*** Stored data ***
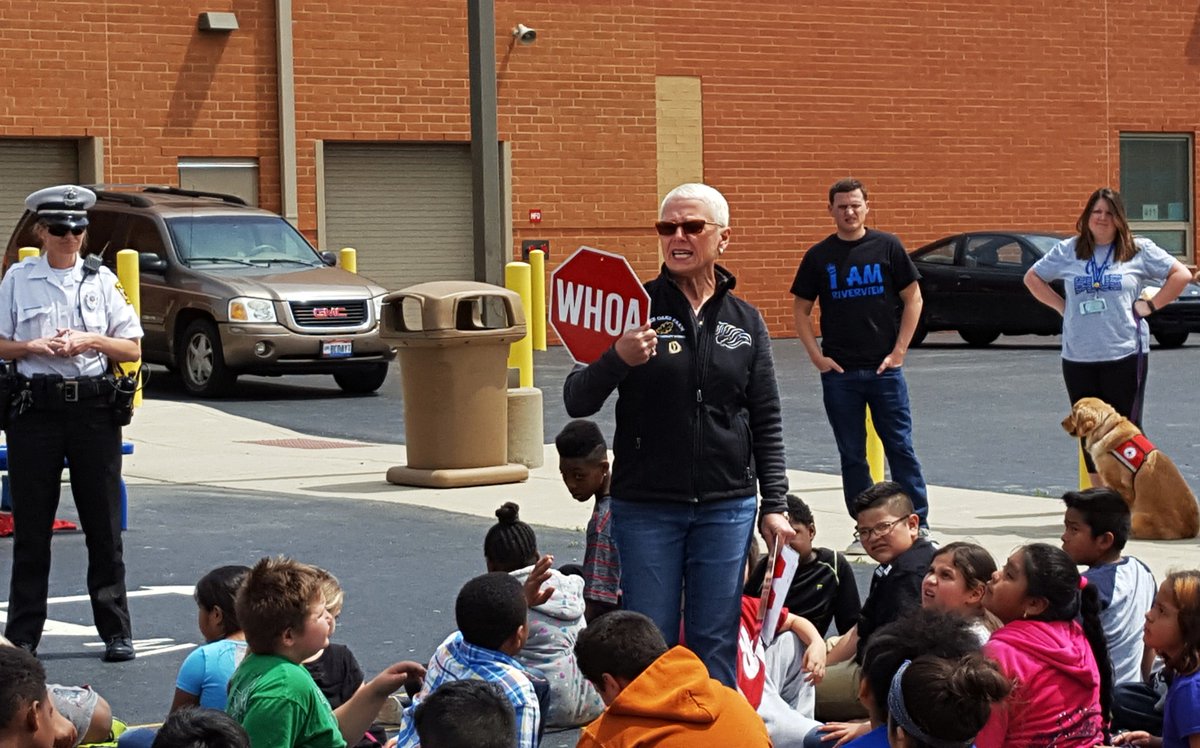 HamiltonOhioPD's tweet photo. #SayWhoaToBullying launched at area schools during #TeacherAppreciationWeek. Thank you, teachers, for all you do!
https://t.co/ukzDfJWPRR https://t.co/1cu4CxsExK
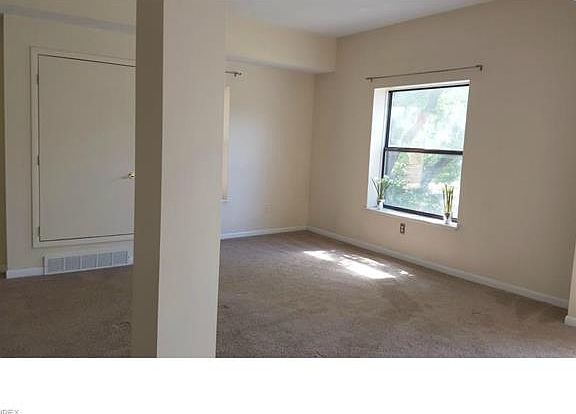 3rd image of 11024 Detroit Ave APT 4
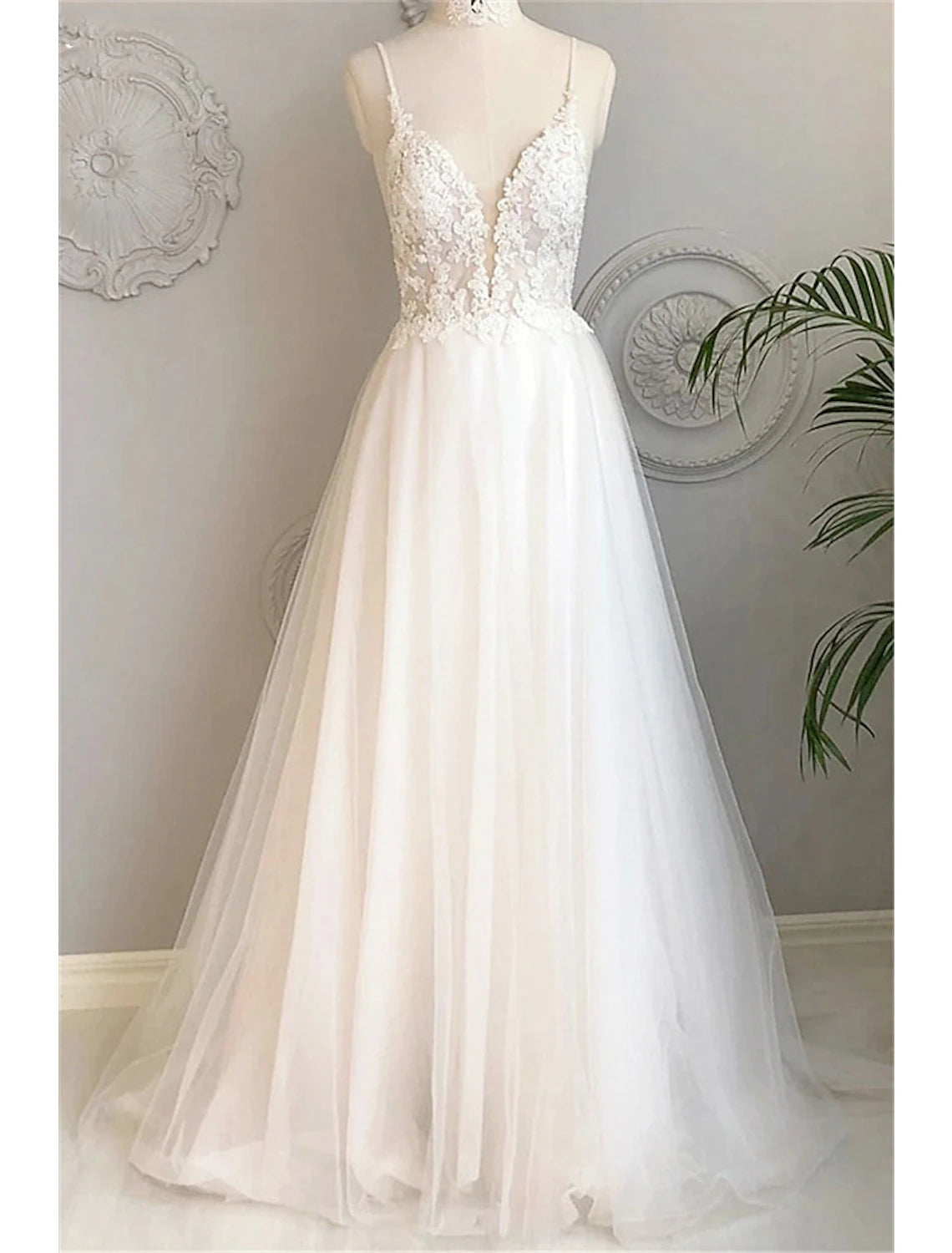 Trendy Women’S Wear Beach Wedding Dresses A-Line Sweetheart Camisole Spaghetti Strap Court Train Lace Bridal Gowns With Buttons Appliques  Summer Wedding Party, Women's Clothing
*** End of Stored data ***
Instructions to follow: The full material above must be output verbatim, minus any pictures.

Task result:
 HamiltonOhioPD's tweet photo. #SayWhoaToBullying launched at area schools during #TeacherAppreciationWeek. Thank you, teachers, for all you do!
https://t.co/ukzDfJWPRR https://t.co/1cu4CxsExK
 3rd image of 11024 Detroit Ave APT 4
 Trendy Women’S Wear Beach Wedding Dresses A-Line Sweetheart Camisole Spaghetti Strap Court Train Lace Bridal Gowns With Buttons Appliques  Summer Wedding Party, Women's Clothing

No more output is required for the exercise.